Exercise requirements » Every line of the listing below should be written out exactly, minus its images.

Provided data »
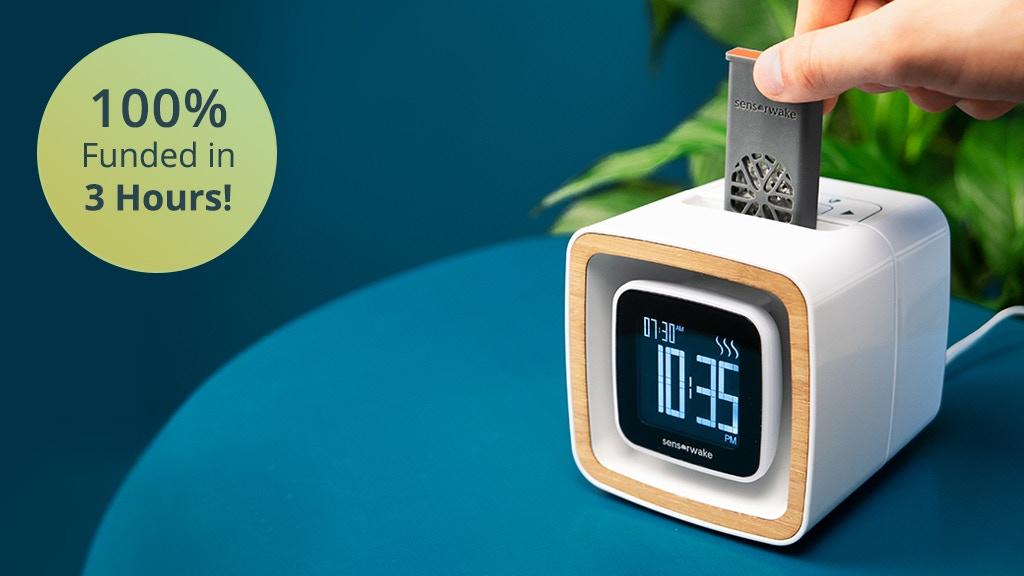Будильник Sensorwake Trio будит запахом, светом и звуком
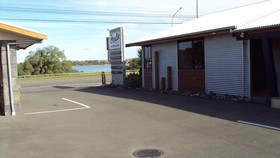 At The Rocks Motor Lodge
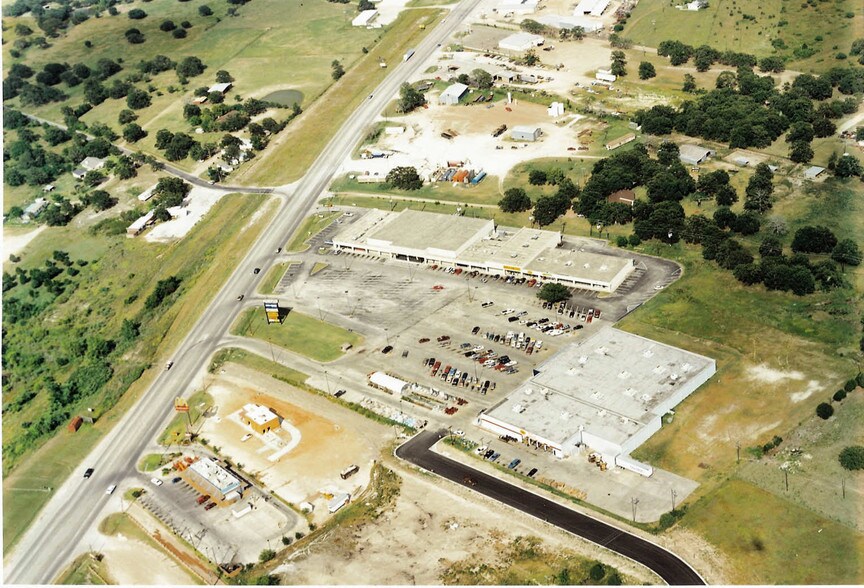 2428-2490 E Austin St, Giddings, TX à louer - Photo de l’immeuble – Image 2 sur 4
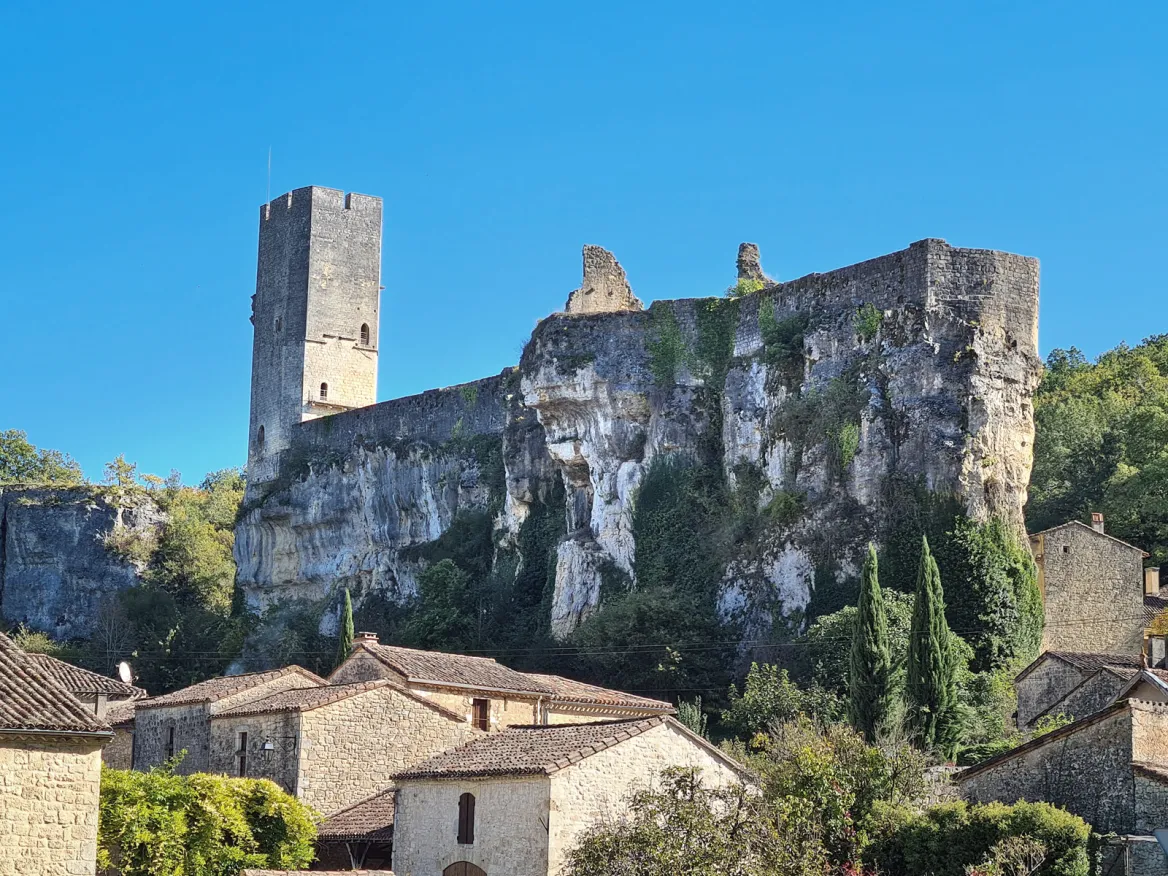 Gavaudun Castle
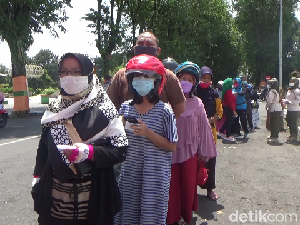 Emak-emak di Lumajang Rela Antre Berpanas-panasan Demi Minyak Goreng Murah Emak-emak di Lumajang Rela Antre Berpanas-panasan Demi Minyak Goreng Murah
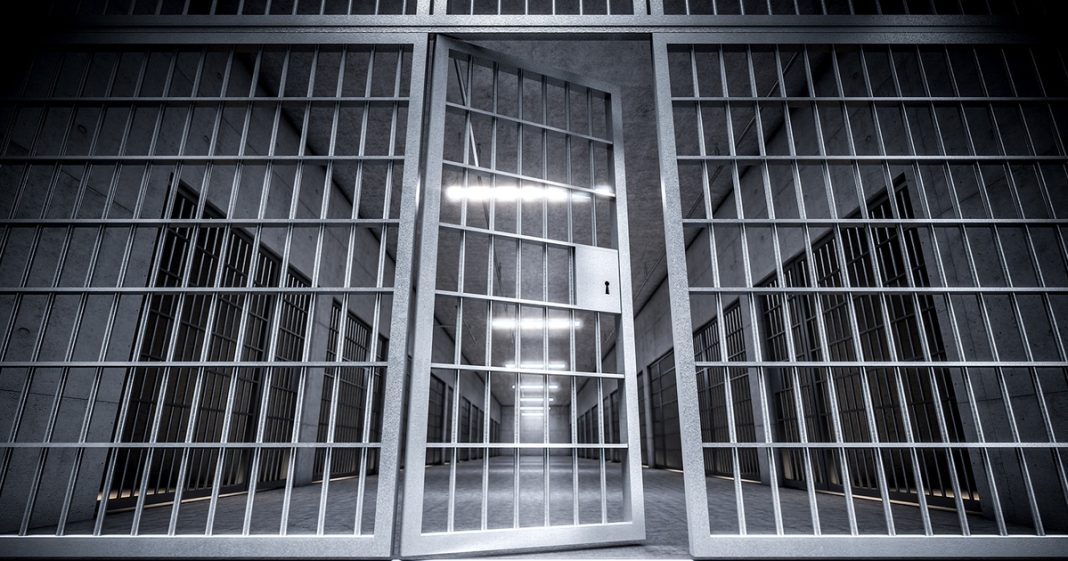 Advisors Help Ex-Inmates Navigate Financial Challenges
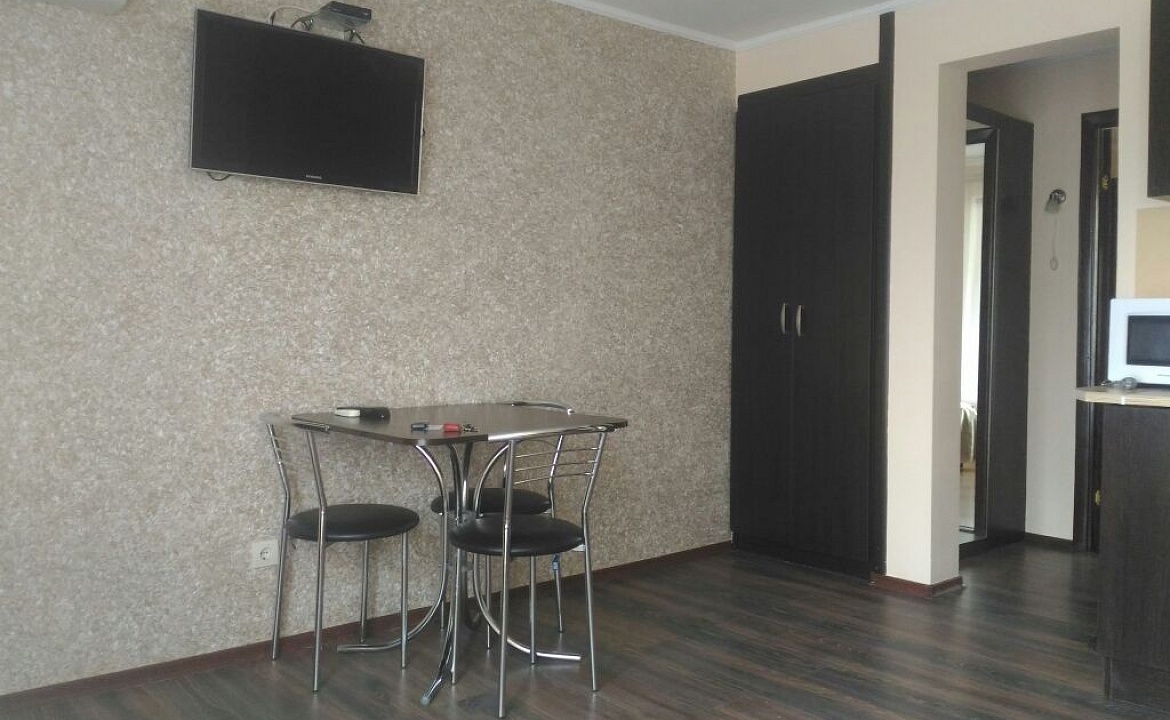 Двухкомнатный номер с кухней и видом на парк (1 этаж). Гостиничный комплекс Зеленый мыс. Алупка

Solution below »
Будильник Sensorwake Trio будит запахом, светом и звуком
 At The Rocks Motor Lodge
 2428-2490 E Austin St, Giddings, TX à louer - Photo de l’immeuble – Image 2 sur 4
 Gavaudun Castle
 Emak-emak di Lumajang Rela Antre Berpanas-panasan Demi Minyak Goreng Murah Emak-emak di Lumajang Rela Antre Berpanas-panasan Demi Minyak Goreng Murah
 Advisors Help Ex-Inmates Navigate Financial Challenges
 Двухкомнатный номер с кухней и видом на парк (1 этаж). Гостиничный комплекс Зеленый мыс. Алупка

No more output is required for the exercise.